How do I obtain a Passport?
Passports are obtained through the Passport Services Division of the Department of State. Through your local passport acceptance agent, usually at the Post Office, you can apply for a new passport, renew your old one, replace a lost, stolen, or damaged passport, or add new pages to your existing book. If you are leaving on a trip, include your departure date on your application. Ordinarily, you will receive your passport within 6 weeks.
You’ll need to apply in person if you are applying for a U.S. passport for the first time; if your expired U.S. passport is not in your possession; if your previous U.S. passport has expired and was issued more than 15 years ago; or if your previous U.S. passport was issued when you are under 16 your currently valid U.S. passport has been lost of stolen.
You can renew by mail if: Your most recent passport is available to submit and it is not damaged; you received the passport within the past 15 years; you were over age 16 when it was issued; you still have the same name, or can legally document your name change. For more information on forms and fees, go to the State Department's webpage on How to apply for passport renewal.
- Residents abroad should renew their passports at nearest U.S. Embassy or U.S. Consulate.
- Passports renewed by mail in the U.S. can only be forwarded to U.S. addresses.
- If you mutilate or alter your U.S. passport, you may invalidate it and risk possible prosecution under the law (Section 1543 of Title 22 of the U.S. Code).
- If your passport has been mutilated, altered or damaged , you cannot apply by mail. You must apply in person.
You’re leaving for vacation next month and realize that your passport has expired. For a $60.00 fee--plus the cost of 2-way overnight mail--you can "expedite" this process and receive your passport in about two weeks. Clearly mark Expedited on the envelope. Please note: Passport applications sent together or at the same time do not necessarily remain together. Passports will be mailed separately.

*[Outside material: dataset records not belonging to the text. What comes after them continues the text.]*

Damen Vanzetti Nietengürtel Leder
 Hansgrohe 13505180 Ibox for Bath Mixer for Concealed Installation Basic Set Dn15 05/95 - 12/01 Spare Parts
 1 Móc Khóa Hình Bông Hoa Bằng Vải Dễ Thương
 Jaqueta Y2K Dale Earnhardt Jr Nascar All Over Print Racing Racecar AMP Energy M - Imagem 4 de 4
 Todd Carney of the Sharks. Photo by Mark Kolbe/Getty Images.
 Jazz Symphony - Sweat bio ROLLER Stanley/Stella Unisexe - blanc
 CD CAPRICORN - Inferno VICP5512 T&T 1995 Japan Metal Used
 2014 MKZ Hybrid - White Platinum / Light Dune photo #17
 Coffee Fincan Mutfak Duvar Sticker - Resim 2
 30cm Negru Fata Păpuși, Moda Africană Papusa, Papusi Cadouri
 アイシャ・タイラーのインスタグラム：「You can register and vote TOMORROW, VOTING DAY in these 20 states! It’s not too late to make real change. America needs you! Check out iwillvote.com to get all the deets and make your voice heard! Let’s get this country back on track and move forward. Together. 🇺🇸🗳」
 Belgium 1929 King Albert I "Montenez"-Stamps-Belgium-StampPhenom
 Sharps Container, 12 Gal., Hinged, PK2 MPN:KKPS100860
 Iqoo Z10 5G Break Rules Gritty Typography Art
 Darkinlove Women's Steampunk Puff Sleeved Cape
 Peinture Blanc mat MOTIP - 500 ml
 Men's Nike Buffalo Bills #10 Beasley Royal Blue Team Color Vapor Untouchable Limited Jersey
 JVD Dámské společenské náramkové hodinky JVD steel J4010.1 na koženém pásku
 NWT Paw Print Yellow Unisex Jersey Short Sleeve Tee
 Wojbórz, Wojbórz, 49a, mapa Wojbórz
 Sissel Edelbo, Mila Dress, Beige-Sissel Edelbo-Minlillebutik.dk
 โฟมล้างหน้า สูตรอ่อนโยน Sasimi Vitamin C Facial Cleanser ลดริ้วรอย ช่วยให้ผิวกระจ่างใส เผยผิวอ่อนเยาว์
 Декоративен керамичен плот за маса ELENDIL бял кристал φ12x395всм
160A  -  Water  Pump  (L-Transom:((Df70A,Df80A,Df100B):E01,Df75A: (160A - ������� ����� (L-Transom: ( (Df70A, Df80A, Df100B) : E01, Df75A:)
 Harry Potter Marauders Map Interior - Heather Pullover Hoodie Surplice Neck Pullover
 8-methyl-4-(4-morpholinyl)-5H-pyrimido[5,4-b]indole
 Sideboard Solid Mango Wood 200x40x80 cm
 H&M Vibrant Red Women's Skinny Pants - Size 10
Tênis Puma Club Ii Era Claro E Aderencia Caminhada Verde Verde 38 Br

Worse, your boss calls you in and tells you to pack your bags for a trip tomorrow. The New York Passport Agency serves customers who are traveling within 2 weeks (14 days), or who need foreign visas for travel. An appointment is required. Please call the automated appointment number to make an appointment: (212) 206-3500. THERE IS NO CHARGE FOR AN APPOINTMENT AT A PASSPORT AGENCY.
You will be asked to go to the New York Passport Agency at 376 Hudson Street at your appointment time. Note: Even though you have an appointment, you should expect a long wait, first to submit your application and then to pick up your passport. Please budget your time accordingly.
The New York Passport Agency is open 7:30 a.m. - 3:00 p.m., local time, M-F, excluding Federal holidays. You will not be able to obtain a passport at any other time, unless it is a life or death emergency. Missing your sister’s wedding, your vacation or a business trip (no matter how important) are not considered life or death emergencies.
If you have a travel emergency, please call the National Passport Information Center to speak to a Customer Service Representative. Do not e-mail. Customer Service Representatives and Operators for TDD/TTY are available Monday-Friday, 8 a.m. to 8 p.m., Eastern Time, excluding federal holidays.
- Telephone Number: 1-877-4USA-PPT (1-877-487-2778)
- TDD/TTY: 1-888-874-7793
Telephone number for customers with telecommunication devices for the hearing impaired
For general questions:
* You can get information on passports from a Customer Service operator at the NPIC numbers listed above. Additionally, automated information is available 24 hours a day, 7 days a week.
If you would like to email the National Passport Information Center for a general question regarding passports or if you have already applied for a U.S. passport and would like to know the status of your application by email, click here.
For answers to frequently asked questions, go to International Visas and Travel Tips on the State Department's website.
You've got your passport and you're ready to go on your trip, right? Not quite. You still have to check with the country or countries you'll be visiting to determine whether or not you'll need a visa (click here). A visa is permission from a country to cross their borders and comes in the form of a stamp in your U.S. Passport. You usually have to mail your passport to the Embassy or Consulate of the country you'll be visiting, so allow plenty of time to accomplish this. Also, check the State Department website fortravel warnings and consular information sheets that provide very helpful information about the country you plan on visiting. The State Department services website also contains very comprehensive information on all the services it provides both stateside and abroad. This includes crisis assistance for U.S. citizens living or traveling abroad, and various travel publications available on-line.
American Embassies and Consulates General: Many U.S. Diplomatic Missions abroad have information on-line. For those that don't, check the State Department's Key Officers of Foreign Service Posts for addresses, and phone and fax numbers for U.S. Embassies and Consulates throughout the world.